The US Federal Reserve is expected to hold interest rates steady at its two-day meeting this week, but market attention will be on new forecasts from the central bank, especially to so-called dot plot – which shows were members of the Open Market Committee see interest rates heading to in coming months and years.
The forecasts and dot plot are widely expected to show fewer expected rate rises and expectations of a slower economy.
The Fed also is likely to announce the end of its operation to unwind its balance sheet, but the key part of that statement will be when it will actually end the program.
A long slow end will be seen as bullish in that it will continue to support markets with an easy policy stance, while a quick end will be seen as bearish and a tightening of monetary policy.
US shares had their strongest week for three months or more last week – partly in the expectation that the Fed won’t be lifting rates any time soon.

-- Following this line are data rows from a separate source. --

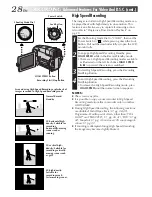 Предварительный просмотр 28 страницы JVC GR-DVL9700 Instructions Manual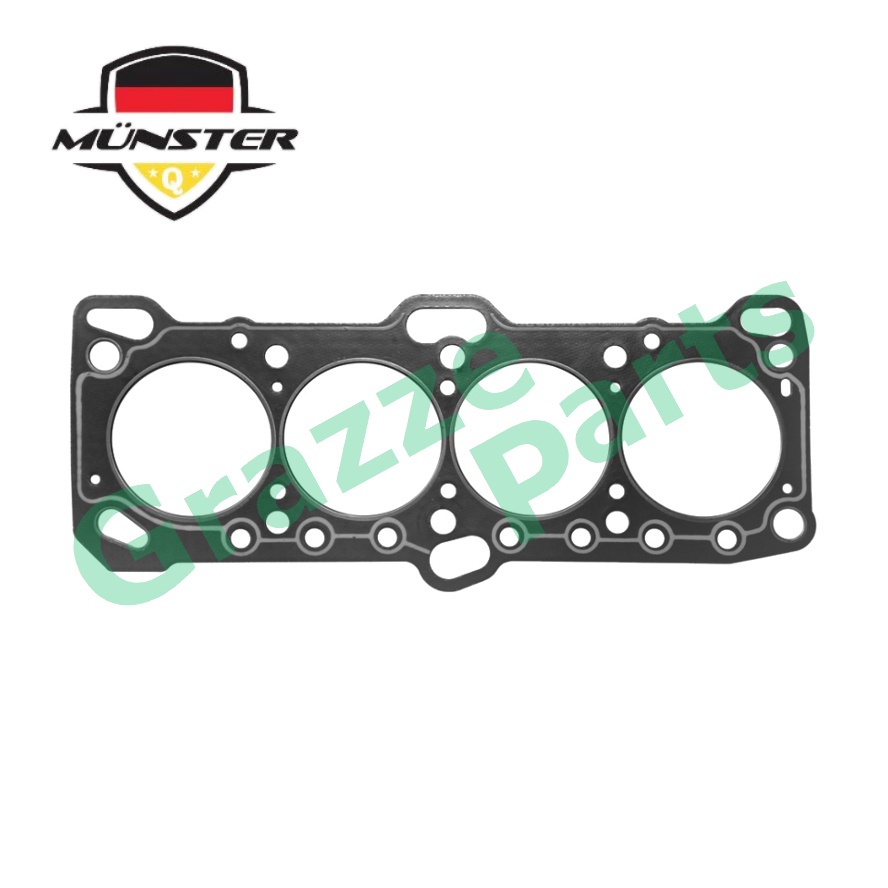 ปะเก็นฝาสูบ Münster MD113173 สําหรับ Mitsubishi VR4 VRX 2.0 EVO 1 2 3 TC DOHC 4G63 4G63T G63B (คาร์บ
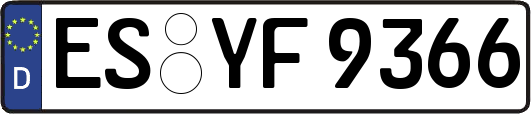 ES-YF9366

US Treasury yields again fee with the yield on the key 10 year Treasury security falling below 2.60% Friday at 2.59%, its lowest yield since June 4.
The AMP’s Chief Economist, Shane Oliver reckons the Fed will leave interest rates on hold and “indicates that the pause will continue for some time yet.”
“But even more significantly it’s likely to make some reference to moving to a framework that targets average inflation over time with the implication that it will allow a period of inflation above 2% to make up for all the years below).
“…there is a good chance that it will indicate a tapering in its process of balance sheet reduction (or quantitative tightening) in the second half ahead of ending it early next year.
“All of this is likely to be taken as dovish by investment markets,” Dr. Oliver wrote at the weekend.